An antique silver cream jug in the form of a model cow. The cavity below the lid is filled with cream which is poured out through the cow’s mouth using the curled tail as a handle. Simple figuring and naive expressive face. The body is all over chased with a charmingly realistic hairy finish.
Weight 132 grams, 4.2 troy ounces.
Spread 14.5cm. Height 9.5cm (top of horns), 7.6cm (top of back).
Maker John Schuppe.
Marks. Marked with a full set of English silver hallmarks underneath the body, lion passant to the hinged cover.
John Schuppe, no record of apprenticeship or freedom, believed to be an immigrant Dutchman. 1st mark as largeworker 1753. Jugs in the form of standing cows were made in London in some quantity during the second half of the 18th century and most bear the mark of John Schuppe, and were made between 1753 and 1773. His mark is occasionally found on small decorative items such as figural tapersticks.

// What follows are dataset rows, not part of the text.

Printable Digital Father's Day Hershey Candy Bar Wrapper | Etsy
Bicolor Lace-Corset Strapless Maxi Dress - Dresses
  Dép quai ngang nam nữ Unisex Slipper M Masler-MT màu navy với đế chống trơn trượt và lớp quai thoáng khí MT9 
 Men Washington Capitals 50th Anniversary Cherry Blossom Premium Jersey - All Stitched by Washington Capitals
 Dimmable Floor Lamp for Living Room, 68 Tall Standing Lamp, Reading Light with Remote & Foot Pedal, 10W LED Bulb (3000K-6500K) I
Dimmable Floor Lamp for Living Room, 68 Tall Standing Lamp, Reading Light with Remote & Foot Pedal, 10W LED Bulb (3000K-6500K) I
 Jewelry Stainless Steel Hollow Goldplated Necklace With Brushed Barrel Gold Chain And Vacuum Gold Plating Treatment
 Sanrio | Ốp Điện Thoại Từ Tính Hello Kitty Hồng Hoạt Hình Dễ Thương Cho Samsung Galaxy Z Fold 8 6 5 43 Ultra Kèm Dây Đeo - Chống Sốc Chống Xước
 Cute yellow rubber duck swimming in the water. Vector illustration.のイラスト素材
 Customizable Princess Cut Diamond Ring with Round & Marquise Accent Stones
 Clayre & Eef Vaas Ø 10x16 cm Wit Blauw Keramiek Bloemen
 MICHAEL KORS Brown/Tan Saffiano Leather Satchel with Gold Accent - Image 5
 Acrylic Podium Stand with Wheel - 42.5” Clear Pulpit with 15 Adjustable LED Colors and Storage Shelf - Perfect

Although Schuppe was the first to make cow creamers from silver, their form is much older. The earliest form was back in 4th century BC Egypt where pottery jugs in the form of cows first appear. They then reappear in early part of the 18th century in Holland. It is from here that Schuppe must have taken his inspiration, and the form which he pioneered was so popular that copies of his style of creamer were made for the next 200 years. One of his cow-shaped creamers (1759-60) is in the collection of the Victoria & Albert Museum, London, with the tail as the handle and a lid on the back with a giant fly on top.
Marks are always on the underside of the body in a line, and it is uncommon for the marks to be worn.